Omitting all pictures, print the lines of the listing from the one containing "Mỡ máu cao nên ăn gì để cải thiện" through the final line, both ends included, with no other text.

Raw data:

┌────────

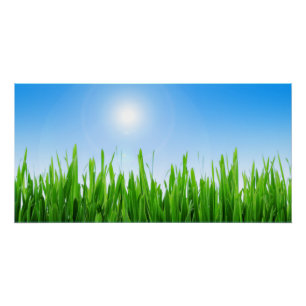 Green Grass Blue Sky Landscape-10826 Poster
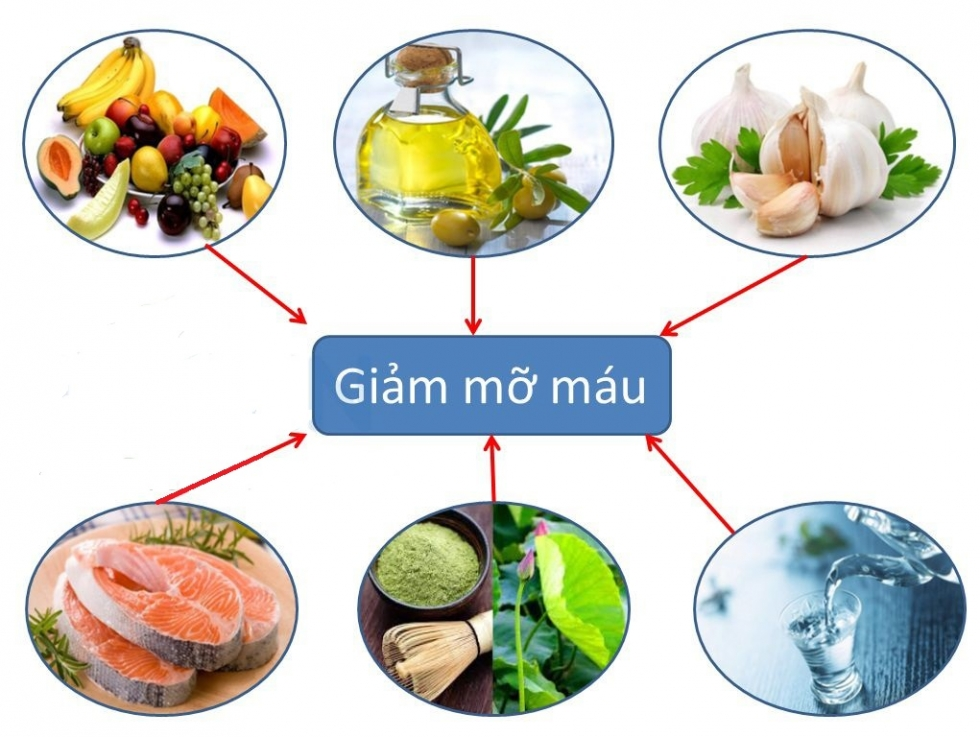 Mỡ máu cao nên ăn gì để cải thiện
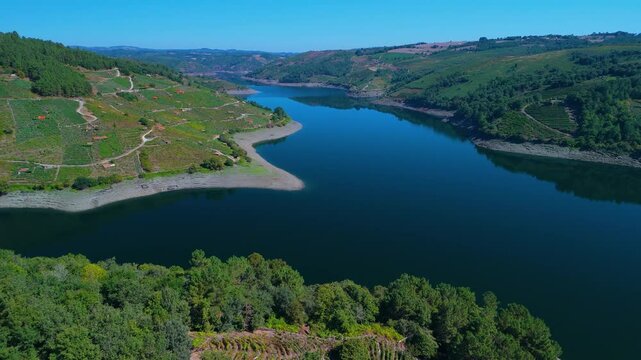 Vineyard landscape around the Belesar reservoir. Aerial view from a drone. Province of Lugo. Galicia. Spain. Europe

└────────

Response below:
 Mỡ máu cao nên ăn gì để cải thiện
 Vineyard landscape around the Belesar reservoir. Aerial view from a drone. Province of Lugo. Galicia. Spain. Europe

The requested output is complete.